++++ Dataset excerpts ++++

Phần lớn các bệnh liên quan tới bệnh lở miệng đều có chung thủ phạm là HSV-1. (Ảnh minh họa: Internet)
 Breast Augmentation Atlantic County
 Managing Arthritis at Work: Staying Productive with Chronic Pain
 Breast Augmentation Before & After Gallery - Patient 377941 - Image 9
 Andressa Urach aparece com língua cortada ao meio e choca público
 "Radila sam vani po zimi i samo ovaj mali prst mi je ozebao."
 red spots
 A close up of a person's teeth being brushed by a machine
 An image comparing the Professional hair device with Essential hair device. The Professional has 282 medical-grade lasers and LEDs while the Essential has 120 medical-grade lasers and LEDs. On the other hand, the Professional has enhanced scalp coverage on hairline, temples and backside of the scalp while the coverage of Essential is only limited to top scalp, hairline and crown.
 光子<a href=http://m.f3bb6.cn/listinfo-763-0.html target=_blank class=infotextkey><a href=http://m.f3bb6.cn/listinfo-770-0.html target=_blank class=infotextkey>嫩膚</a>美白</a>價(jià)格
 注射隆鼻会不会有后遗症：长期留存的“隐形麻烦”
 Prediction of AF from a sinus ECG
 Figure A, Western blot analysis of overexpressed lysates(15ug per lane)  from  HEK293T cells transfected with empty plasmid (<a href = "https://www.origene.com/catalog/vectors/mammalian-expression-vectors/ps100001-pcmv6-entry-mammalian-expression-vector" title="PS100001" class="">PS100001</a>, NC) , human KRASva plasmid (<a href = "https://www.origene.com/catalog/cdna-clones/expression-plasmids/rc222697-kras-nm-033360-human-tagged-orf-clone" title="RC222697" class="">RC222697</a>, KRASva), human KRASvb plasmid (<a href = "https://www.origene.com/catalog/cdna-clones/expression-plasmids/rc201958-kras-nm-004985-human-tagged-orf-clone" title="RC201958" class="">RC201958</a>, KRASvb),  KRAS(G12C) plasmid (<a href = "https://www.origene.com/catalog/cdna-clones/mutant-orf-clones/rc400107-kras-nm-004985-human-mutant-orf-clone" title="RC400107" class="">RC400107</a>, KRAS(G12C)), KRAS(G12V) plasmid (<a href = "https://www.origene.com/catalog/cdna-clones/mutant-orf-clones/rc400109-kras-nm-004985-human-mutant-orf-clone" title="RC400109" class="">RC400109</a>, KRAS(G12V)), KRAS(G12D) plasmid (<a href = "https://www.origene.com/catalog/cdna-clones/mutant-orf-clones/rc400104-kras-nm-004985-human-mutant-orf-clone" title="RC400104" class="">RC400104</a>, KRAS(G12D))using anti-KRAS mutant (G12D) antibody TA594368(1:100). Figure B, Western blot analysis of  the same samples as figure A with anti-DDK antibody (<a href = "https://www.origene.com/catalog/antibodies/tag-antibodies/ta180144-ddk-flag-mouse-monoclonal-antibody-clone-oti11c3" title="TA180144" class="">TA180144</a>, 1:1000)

++++

Each of the entries must be set down exactly, none omitted.

Phần lớn các bệnh liên quan tới bệnh lở miệng đều có chung thủ phạm là HSV-1. (Ảnh minh họa: Internet)
 Breast Augmentation Atlantic County
 Managing Arthritis at Work: Staying Productive with Chronic Pain
 Breast Augmentation Before & After Gallery - Patient 377941 - Image 9
 Andressa Urach aparece com língua cortada ao meio e choca público
 "Radila sam vani po zimi i samo ovaj mali prst mi je ozebao."
 red spots
 A close up of a person's teeth being brushed by a machine
 An image comparing the Professional hair device with Essential hair device. The Professional has 282 medical-grade lasers and LEDs while the Essential has 120 medical-grade lasers and LEDs. On the other hand, the Professional has enhanced scalp coverage on hairline, temples and backside of the scalp while the coverage of Essential is only limited to top scalp, hairline and crown.
 光子<a href=http://m.f3bb6.cn/listinfo-763-0.html target=_blank class=infotextkey><a href=http://m.f3bb6.cn/listinfo-770-0.html target=_blank class=infotextkey>嫩膚</a>美白</a>價(jià)格
 注射隆鼻会不会有后遗症：长期留存的“隐形麻烦”
 Prediction of AF from a sinus ECG
 Figure A, Western blot analysis of overexpressed lysates(15ug per lane)  from  HEK293T cells transfected with empty plasmid (<a href = "https://www.origene.com/catalog/vectors/mammalian-expression-vectors/ps100001-pcmv6-entry-mammalian-expression-vector" title="PS100001" class="">PS100001</a>, NC) , human KRASva plasmid (<a href = "https://www.origene.com/catalog/cdna-clones/expression-plasmids/rc222697-kras-nm-033360-human-tagged-orf-clone" title="RC222697" class="">RC222697</a>, KRASva), human KRASvb plasmid (<a href = "https://www.origene.com/catalog/cdna-clones/expression-plasmids/rc201958-kras-nm-004985-human-tagged-orf-clone" title="RC201958" class="">RC201958</a>, KRASvb),  KRAS(G12C) plasmid (<a href = "https://www.origene.com/catalog/cdna-clones/mutant-orf-clones/rc400107-kras-nm-004985-human-mutant-orf-clone" title="RC400107" class="">RC400107</a>, KRAS(G12C)), KRAS(G12V) plasmid (<a href = "https://www.origene.com/catalog/cdna-clones/mutant-orf-clones/rc400109-kras-nm-004985-human-mutant-orf-clone" title="RC400109" class="">RC400109</a>, KRAS(G12V)), KRAS(G12D) plasmid (<a href = "https://www.origene.com/catalog/cdna-clones/mutant-orf-clones/rc400104-kras-nm-004985-human-mutant-orf-clone" title="RC400104" class="">RC400104</a>, KRAS(G12D))using anti-KRAS mutant (G12D) antibody TA594368(1:100). Figure B, Western blot analysis of  the same samples as figure A with anti-DDK antibody (<a href = "https://www.origene.com/catalog/antibodies/tag-antibodies/ta180144-ddk-flag-mouse-monoclonal-antibody-clone-oti11c3" title="TA180144" class="">TA180144</a>, 1:1000)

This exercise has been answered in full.